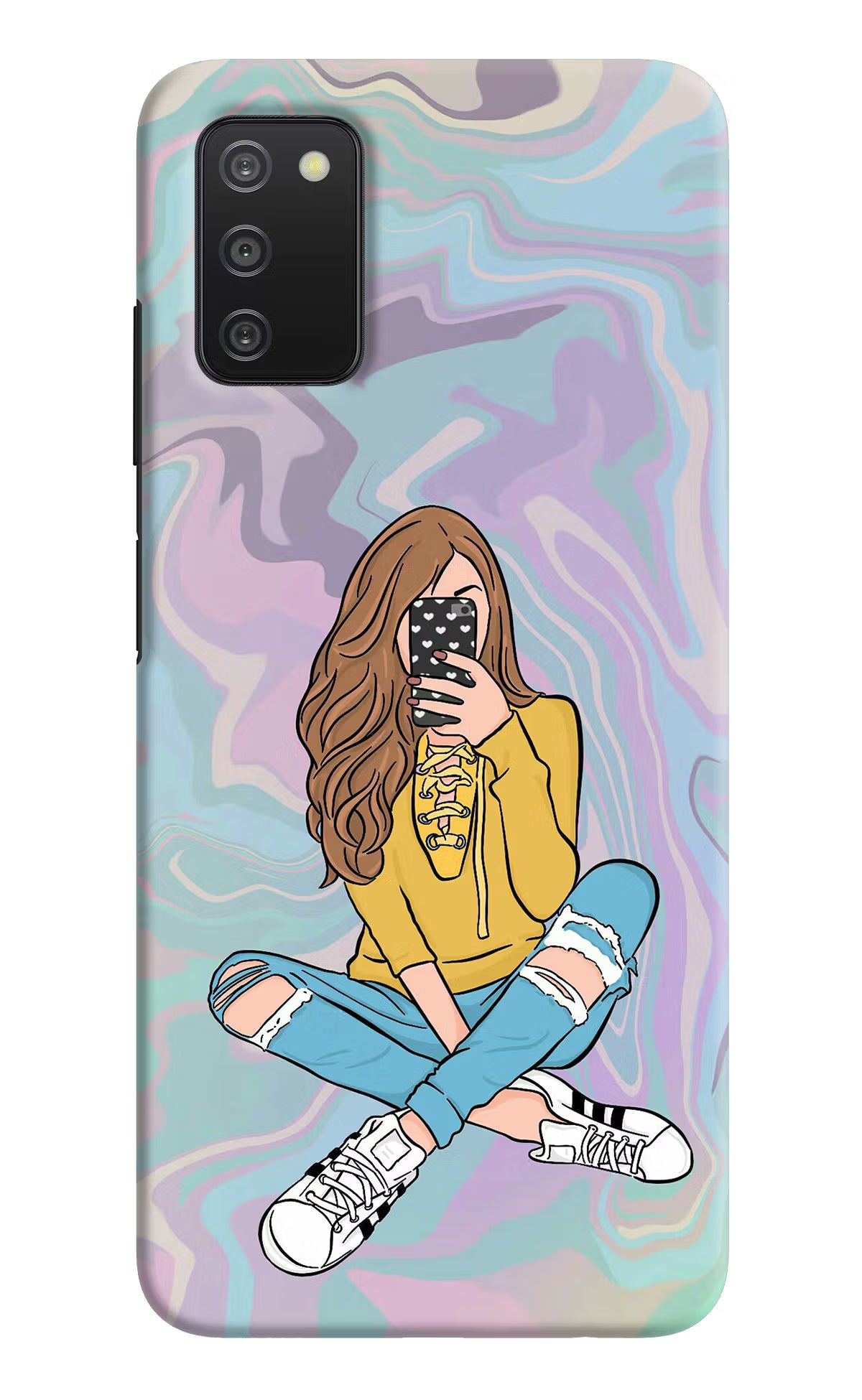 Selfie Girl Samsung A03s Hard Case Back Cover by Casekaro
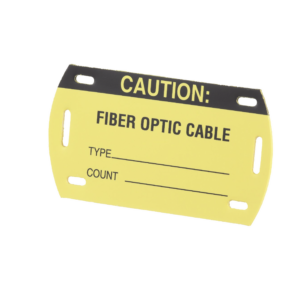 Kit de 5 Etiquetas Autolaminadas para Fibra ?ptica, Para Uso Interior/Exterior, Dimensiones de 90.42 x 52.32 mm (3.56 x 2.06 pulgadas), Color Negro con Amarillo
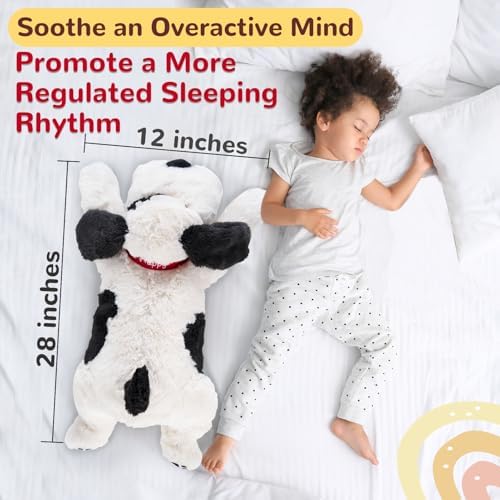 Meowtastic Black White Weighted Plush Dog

☆ ☆ ☆ ☆ ☆

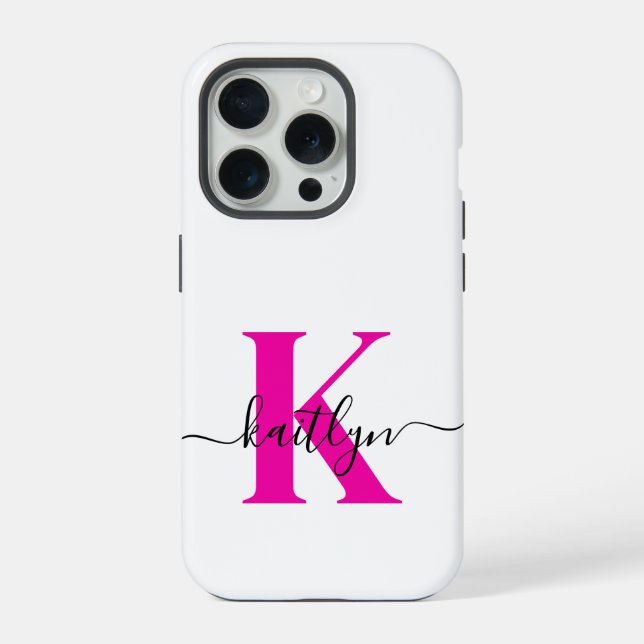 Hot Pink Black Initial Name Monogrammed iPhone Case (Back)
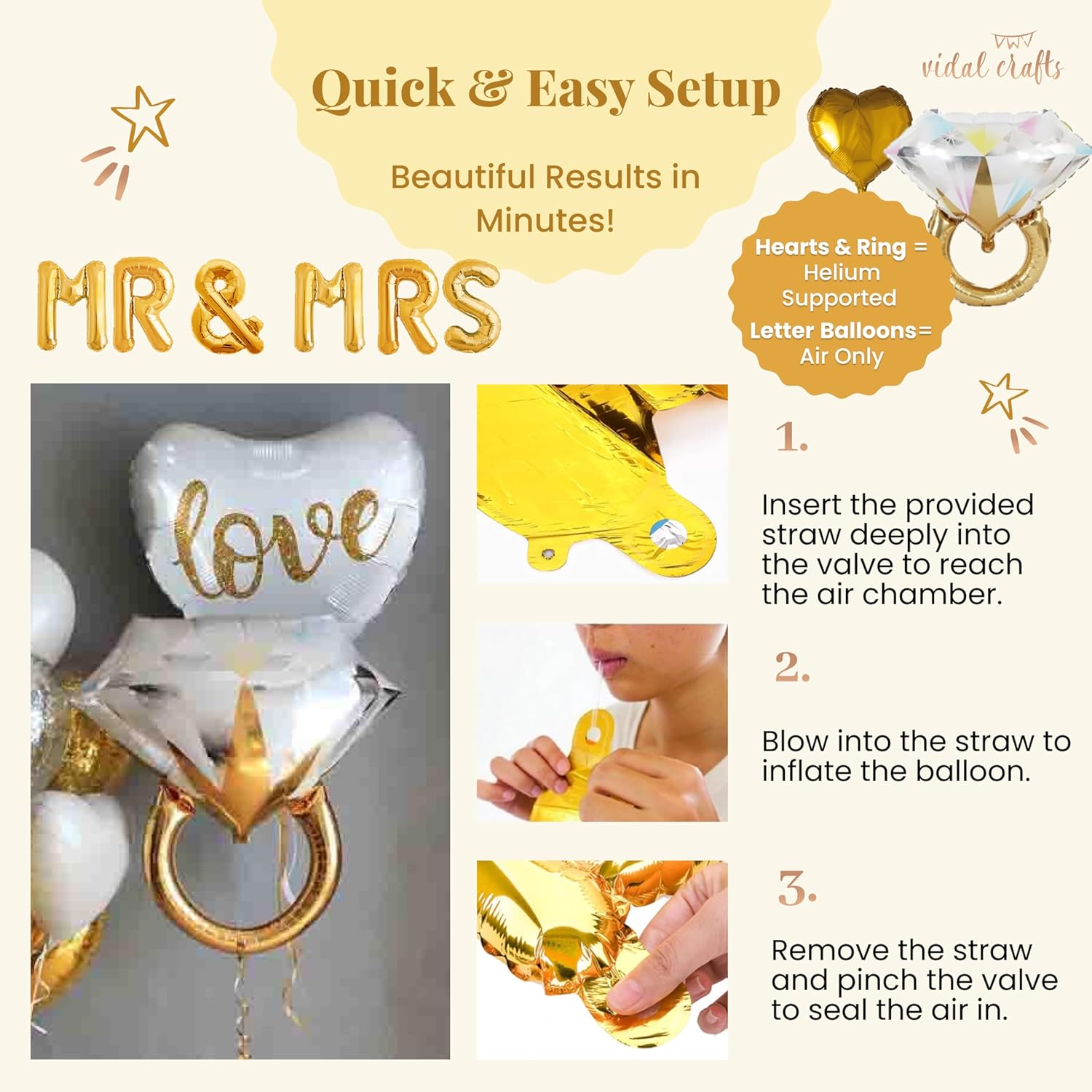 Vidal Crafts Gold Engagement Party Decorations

☆ ☆ ☆ ☆ ☆

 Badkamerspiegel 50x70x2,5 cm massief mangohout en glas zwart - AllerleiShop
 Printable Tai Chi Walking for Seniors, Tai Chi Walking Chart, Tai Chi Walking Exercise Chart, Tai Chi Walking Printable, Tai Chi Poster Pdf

☆ ☆ ☆ ☆ ☆

• [ASSIGNMENT]
Above are entries with pictures among them. Write out exactly the lines from the one containing "Selfie Girl Samsung" through the one containing "Meowtastic Black White Weighted Plush Dog", ends included, and leave those pictures out.

• [SOLUTION]
 Selfie Girl Samsung A03s Hard Case Back Cover by Casekaro
 Kit de 5 Etiquetas Autolaminadas para Fibra ?ptica, Para Uso Interior/Exterior, Dimensiones de 90.42 x 52.32 mm (3.56 x 2.06 pulgadas), Color Negro con Amarillo
 Meowtastic Black White Weighted Plush Dog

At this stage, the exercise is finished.